Mais quand on a consacré sa vie à une cause, de manière libre, consciente,
bénévole et gratuite, on ne peut pas rester les mains croisés devant des
énergumènes qui, par un simple hasard ou un choix bien «intentionné», se
retrouvent impliqués dans des décisions qui engagent le présent et l’avenir de
cette cause. Quand j’ai associé ma voix à celle du groupe des fidèles à la cause
amazighe, et qui se sont retirés du Conseil d’Administration de l’IRCAM pour
dénoncer une dérive qui risque d’être fatale à l’amazighité, je l’ai fait par
conviction et par fidélité à mes principes et engagements.
Sur le moment et pour des raisons de conjoncture, le départ des sept membres du
Conseil d’Administration de l’IRCAM n’a pas été évalué, apprécié à sa juste
valeur par le Mouvement Amazighe, (exception faite de l’Association «Tanoukra»
de Nador, du Congrès Mondial Amazighe, de la Coordination «Ali Azayko» et dans
une moindre mesure, Amyafa).
Par contre, les adversaires de l’amazighité n’ont pas lésiné sur les moyens pour
minimiser cet événement pourtant majeur. Pour ce faire, et comme d’habitude, ils
se sont servis de certains individus se disant «amazighes» et même «militants
amazighes», qui n’ont pas hésité un seul instant, et à plusieurs reprises, à
calomnier les sept, à les taxer d’écervelés, d’extrémistes, de traîtres et enfin
de nihilistes, avec évidemment, la complicité de certains organes de presse
partisans anti-amazighes notoires.
Devant les allégations fallacieuses, mensongères et sans vergogne de ces faux
militants, je me trouve contraint et forcé de répondre, afin que les vrais
militants du Mouvement Amazighe ne soient abusés et induits en erreur, surtout à
un moment aussi crucial pour l’amazighité.

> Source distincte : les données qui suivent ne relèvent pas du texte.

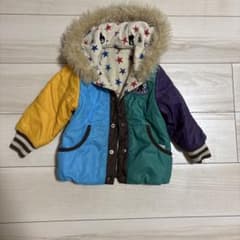DOUBLE.B リバーシブル ダウンジャケット 90cmのサムネイル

Rappelons que les raisons de ce «retrait» ont été clairement exposées dans une
déclaration commune signée par les sept en arabe et en français. Ces raisons
sont on ne peut plus claires et objectives, et personne ne les a démenties, les
commentaires ayant porté uniquement sur la démarche elle-même, le moment choisi
ou la procédure suivie.
Cependant, on peut d’ores et déjà remarquer que ceux et celles qui ont jugé
notre départ «précipité», «sans raison», «nihiliste», se recrutent en gros,
parmi les commis du vieux makhzen, et qui ont vu dans ce retrait un lèse-
Majesté sans précédent, comme ils ont en vu un avec l’histoire du baise main, ou
ses nouveaux alliés.
Quant aux attitudes contre ou même critiques à l’égard du départ des sept par
des militants amazighs (vrais ou faux), elles ne s’expliquent que par la
manipulation ou l’intérêt mesquin qui, depuis toujours, a conduit aux trahisons
qui sont derrière la situation où se trouve l’amazighité aujourd’hui: une
situation d’apartheid qui ne dit pas son nom, où les racistes sont d’un côté
défendus par une «élite intellectuelle» que Paul Nizan a appelé «les Chiens de
garde» d’une certaine classe; et de l’autre côté, on retrouve les masses
amazighes, opprimées et aliénées par l’ignorance, l’exploitation et le mépris
que le makhzen a toujours observé à leur égard.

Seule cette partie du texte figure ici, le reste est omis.